This release contains forward looking statements within the meaning of securities laws, including forecasts and projections. The words “will,” “believe,” ”budget,” “anticipate,” “intend,” “estimate,” “forecast,” ”plan” and “expect” and similar expressions are intended to identify forward looking statements. These statements involve known and unknown risks, which may cause St. Mary’s actual results to differ materially from results expressed or implied by the forward looking statements. These risks include such factors as the volatility and level of oil and natural gas prices, unexpected drilling conditions and results, the risks of various exploration and hedging strategies, the uncertain nature of the expected benefits from the acquisition of oil and gas properties, production rates and reserve replacement, the imprecise nature of oil and gas reserve estimates, drilling and operating service availability, uncertainties in cash flow, the financial strength of hedge contract counterparties, the availability of economically attractive exploration and development and property acquisition opportunities and any necessary financing, competition, litigation, environmental matters, the potential impact of government regulations, and other such matters discussed in the “Risk Factors” section of St. Mary’s 2004 Annual Report on Form 10-K filed with the SEC. Although St.

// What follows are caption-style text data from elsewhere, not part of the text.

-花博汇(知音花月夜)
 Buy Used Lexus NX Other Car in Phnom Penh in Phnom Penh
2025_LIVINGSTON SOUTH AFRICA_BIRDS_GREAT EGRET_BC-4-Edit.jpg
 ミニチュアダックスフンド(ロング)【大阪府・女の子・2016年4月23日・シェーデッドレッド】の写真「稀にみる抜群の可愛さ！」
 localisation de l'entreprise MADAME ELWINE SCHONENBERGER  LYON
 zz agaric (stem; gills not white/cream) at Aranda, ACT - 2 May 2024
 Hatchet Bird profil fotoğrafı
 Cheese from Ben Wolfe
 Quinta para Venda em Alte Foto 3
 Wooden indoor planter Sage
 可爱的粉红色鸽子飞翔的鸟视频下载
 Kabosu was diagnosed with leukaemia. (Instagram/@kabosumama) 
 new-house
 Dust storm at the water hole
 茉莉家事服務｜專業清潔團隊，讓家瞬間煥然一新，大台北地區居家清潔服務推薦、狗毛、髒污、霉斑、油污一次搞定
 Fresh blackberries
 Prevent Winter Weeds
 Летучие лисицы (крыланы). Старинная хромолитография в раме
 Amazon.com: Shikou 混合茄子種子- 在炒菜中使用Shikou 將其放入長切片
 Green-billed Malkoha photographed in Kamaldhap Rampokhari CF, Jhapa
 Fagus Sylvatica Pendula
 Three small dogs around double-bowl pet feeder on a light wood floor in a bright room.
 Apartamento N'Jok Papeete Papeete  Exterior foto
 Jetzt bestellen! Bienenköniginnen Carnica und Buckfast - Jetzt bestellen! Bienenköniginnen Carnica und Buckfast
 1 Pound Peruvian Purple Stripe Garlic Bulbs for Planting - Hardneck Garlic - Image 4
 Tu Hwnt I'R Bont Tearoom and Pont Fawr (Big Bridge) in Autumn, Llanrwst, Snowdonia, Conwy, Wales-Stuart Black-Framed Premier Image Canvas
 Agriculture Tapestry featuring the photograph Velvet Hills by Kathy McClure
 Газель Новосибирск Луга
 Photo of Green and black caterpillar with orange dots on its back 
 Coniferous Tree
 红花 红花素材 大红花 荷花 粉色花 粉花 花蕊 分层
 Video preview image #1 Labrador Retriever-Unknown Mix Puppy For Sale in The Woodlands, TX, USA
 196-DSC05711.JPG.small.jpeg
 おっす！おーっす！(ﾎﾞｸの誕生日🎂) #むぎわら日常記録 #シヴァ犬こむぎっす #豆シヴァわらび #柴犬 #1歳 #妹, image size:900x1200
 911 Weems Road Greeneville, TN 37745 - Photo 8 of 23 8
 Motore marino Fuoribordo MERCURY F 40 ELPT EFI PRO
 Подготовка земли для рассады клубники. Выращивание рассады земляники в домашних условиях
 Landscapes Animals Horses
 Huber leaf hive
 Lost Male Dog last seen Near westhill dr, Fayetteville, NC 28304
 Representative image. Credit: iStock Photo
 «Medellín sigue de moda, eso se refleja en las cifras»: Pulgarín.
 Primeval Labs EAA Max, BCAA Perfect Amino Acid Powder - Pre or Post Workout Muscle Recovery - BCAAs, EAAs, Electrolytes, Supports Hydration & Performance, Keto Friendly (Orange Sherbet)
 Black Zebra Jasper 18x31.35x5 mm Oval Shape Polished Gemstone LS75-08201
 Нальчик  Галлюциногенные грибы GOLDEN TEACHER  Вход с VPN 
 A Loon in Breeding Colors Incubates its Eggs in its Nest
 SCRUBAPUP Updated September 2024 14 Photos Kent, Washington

Mary may from time to time voluntarily update its prior forward looking statements, it disclaims any commitment to do so except as required by securities laws.

 

INFORMATION ABOUT RESERVES

 

The SEC permits oil and gas companies to disclose in their filings with the SEC only proved reserves, which are reserve estimates that geological and engineering data demonstrate with reasonable certainty to be recoverable in future years from known reservoirs under existing economic and operating conditions. St. Mary uses in this press release the terms “probable” and “possible” reserves, which SEC guidelines prohibit from being included in filings with the SEC. Probable reserves are unproved reserves which are more likely than not to be recoverable. Possible reserves are unproved reserves which are less likely to be recoverable than probable reserves. Estimates of probable and possible reserves which may potentially be recoverable through additional drilling or recovery techniques are by their nature more uncertain than estimates of proved reserves and accordingly are subject to substantially greater risk of not actually being realized by the Company. In addition, our production forecasts and expectations for future periods are dependent upon many assumptions, including estimates of production decline rates from existing wells and the undertaking and outcome of future drilling activity, which may be affected by significant commodity price declines or drilling cost increases.